À l’adolescence, le sommeil joue un rôle central dans la maturation cérébrale, la régulation émotionnelle et les apprentissages scolaires. Les réseaux sociaux le fragilisent par plusieurs mécanismes : usage tard le soir, notifications nocturnes, contenu émotionnellement intense et lumière bleue des écrans qui retarde l’endormissement en perturbant la sécrétion de mélatonine.

Ceci aboutit à des couchers repoussés, une durée de sommeil écourtée, des réveils nocturnes plus fréquents, une somnolence diurne, une irritabilité et une baisse de l’attention en classe, avec des effets en cascade sur l’humeur et les performances scolaires.

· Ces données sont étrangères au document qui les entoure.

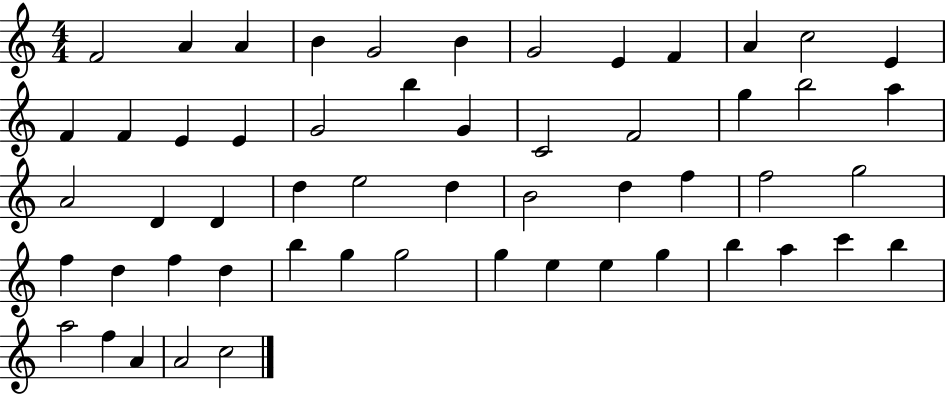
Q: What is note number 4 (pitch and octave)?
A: B4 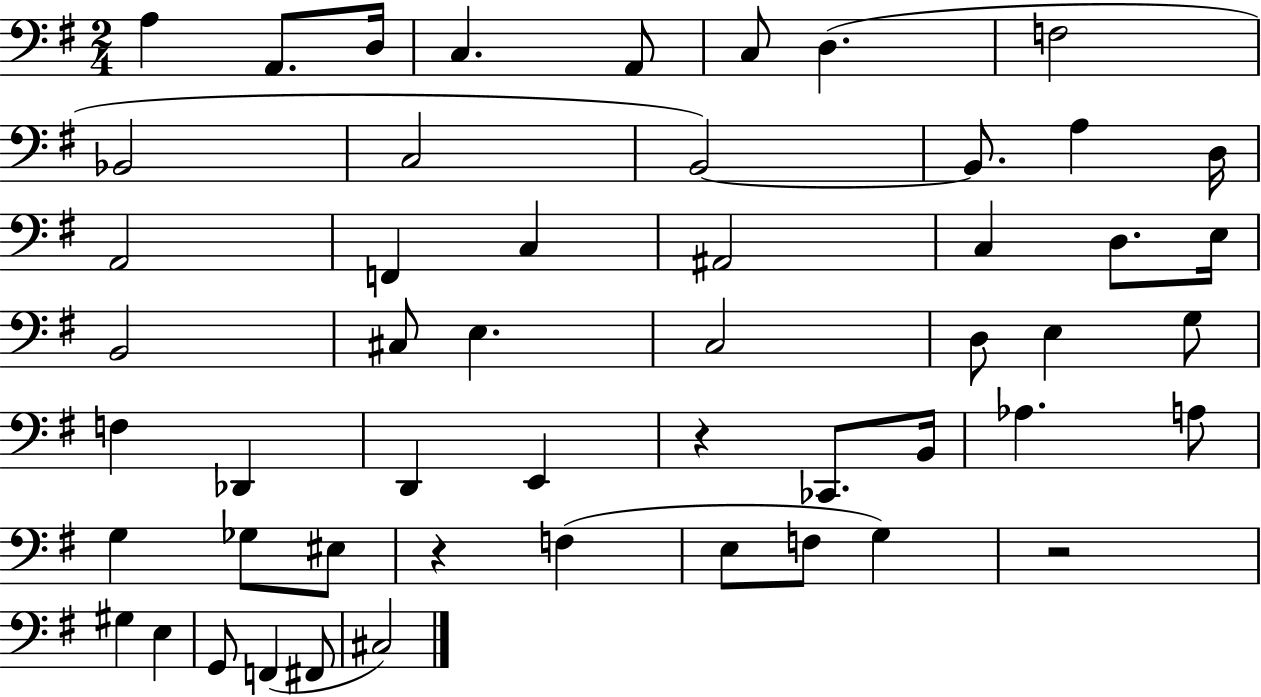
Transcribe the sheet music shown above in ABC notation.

X:1
T:Untitled
M:2/4
L:1/4
K:G
A, A,,/2 D,/4 C, A,,/2 C,/2 D, F,2 _B,,2 C,2 B,,2 B,,/2 A, D,/4 A,,2 F,, C, ^A,,2 C, D,/2 E,/4 B,,2 ^C,/2 E, C,2 D,/2 E, G,/2 F, _D,, D,, E,, z _C,,/2 B,,/4 _A, A,/2 G, _G,/2 ^E,/2 z F, E,/2 F,/2 G, z2 ^G, E, G,,/2 F,, ^F,,/2 ^C,2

​Les études recensées montrent un lien robuste entre usage intensif de réseaux sociaux et symptômes anxieux ou dépressifs, même si la causalité est complexe et bidirectionnelle. L’exposition répétée à des contenus anxiogènes, la comparaison sociale permanente, la peur de manquer quelque chose (FoMO)[article] et l’hostilité en ligne alimentent un climat émotionnel tendu.

Les adolescents déjà fragilisés – troubles anxieux ou dépressifs préexistants, faible estime de soi, difficultés familiales – utilisent plus souvent les réseaux comme échappatoire, ce qui peut soulager à court terme mais accroître à moyen terme l’isolement, les ruminations et la perte de contrôle.

Image du corps, conduites à risque et groupes vulnérables

Les réseaux sociaux « hautement visuels » (centrés sur photos et vidéos) renforcent l’exposition à des normes physiques irréalistes et filtrées. La publication et la retouche de selfies, l’abondance d’images de corps idéalisés et la culture du « avant/après », les images générées par IA favorisent l’auto‑objectification (regard sur soi comme objet à évaluer) et la comparaison sociale ascendante (se comparer à « mieux que soi »). Ces mécanismes augmentent l’insatisfaction corporelle, la surveillance permanente de son apparence et, chez certains jeunes, le risque de troubles des conduites alimentaires, en particulier chez les filles et chez les adolescents déjà en difficulté avec leur image corporelle.

De nombreuses études montrent que les RSN contribuent, parmi d’autres facteurs, aux troubles anxio‑dépressifs, en particulier chez les filles et les adolescents ayant déjà des symptômes ou des vulnérabilités psychiques.

​Les réseaux sociaux agissent aussi comme amplificateurs de conduites à risque : banalisation de la consommation d’alcool, tabac, cannabis, participation à des défis dangereux, adoption de comportements extrêmes pour obtenir visibilité et reconnaissance. [article]

L’exposition répétée à des pairs qui consomment ou se mettent en scène dans des situations risquées crée des normes implicites : « tout le monde le fait », ce qui renforce la pression à s’aligner, surtout chez les jeunes en quête d’intégration.

Certains groupes semblent particulièrement vulnérables : adolescents LGBTQIA+, jeunes avec TDAH, TSA, troubles du développement intellectuel, ou déjà suivis en pédopsychiatrie, qui cumulent stigmatisation, isolement et usage intensif d’outils numériques.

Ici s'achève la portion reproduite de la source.